##### RECORDED DATA

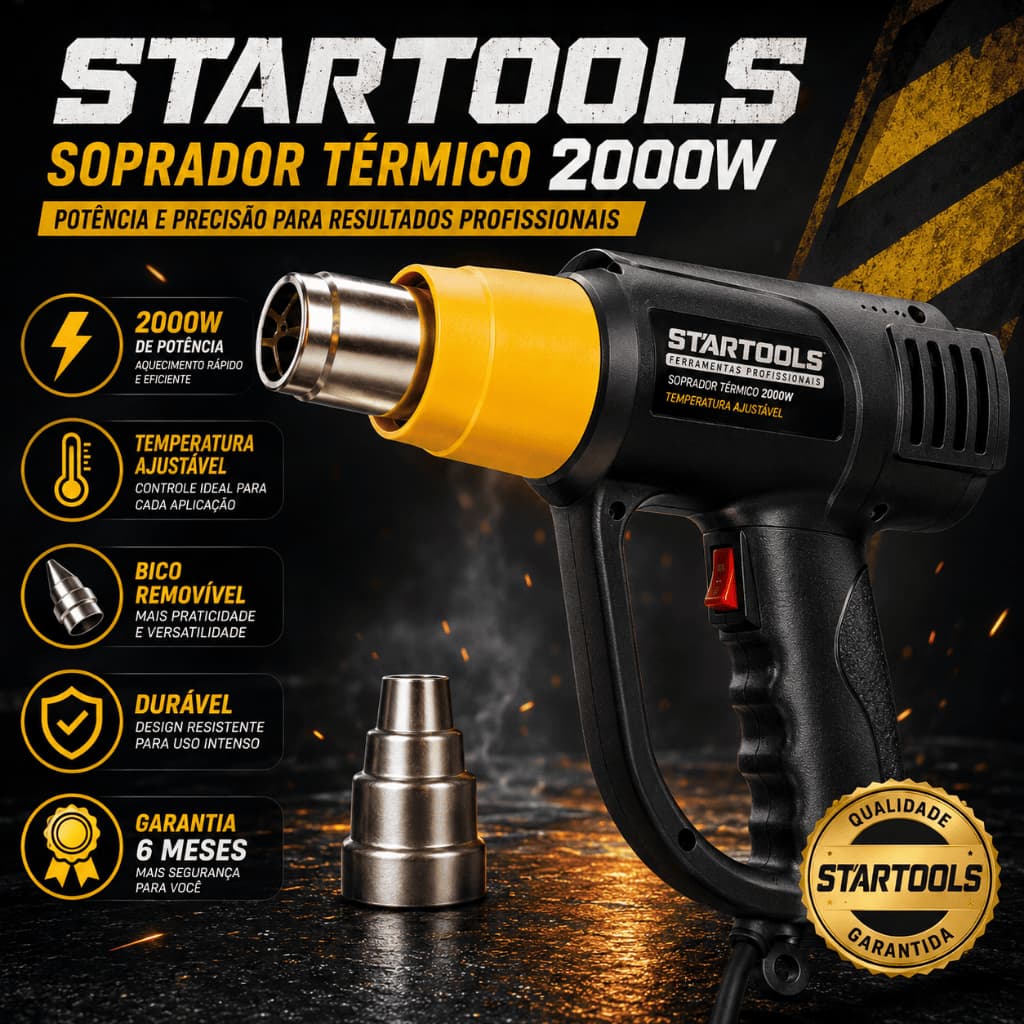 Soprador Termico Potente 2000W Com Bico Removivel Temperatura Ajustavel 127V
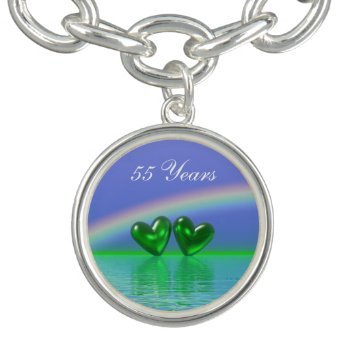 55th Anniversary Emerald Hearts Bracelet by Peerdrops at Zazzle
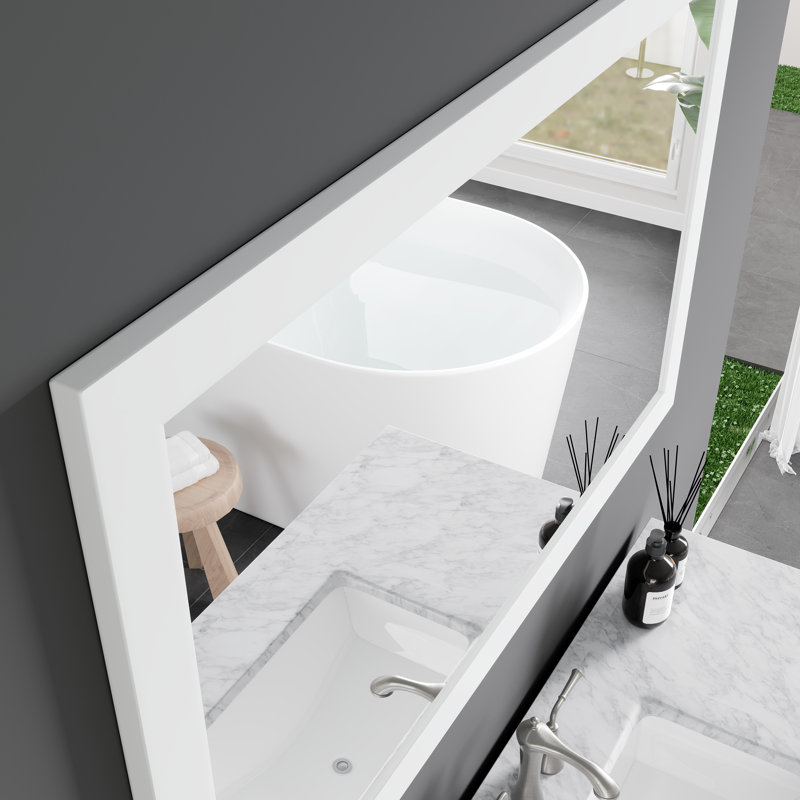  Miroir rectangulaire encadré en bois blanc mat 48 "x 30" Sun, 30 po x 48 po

##########

### ASSIGNMENT
All lines from the line with "55th Anniversary Emerald" through the final line of the listing are to be printed exactly, both ends included; the pictures are not.

### REPLY TO THE EXERCISE
 55th Anniversary Emerald Hearts Bracelet by Peerdrops at Zazzle
  Miroir rectangulaire encadré en bois blanc mat 48 "x 30" Sun, 30 po x 48 po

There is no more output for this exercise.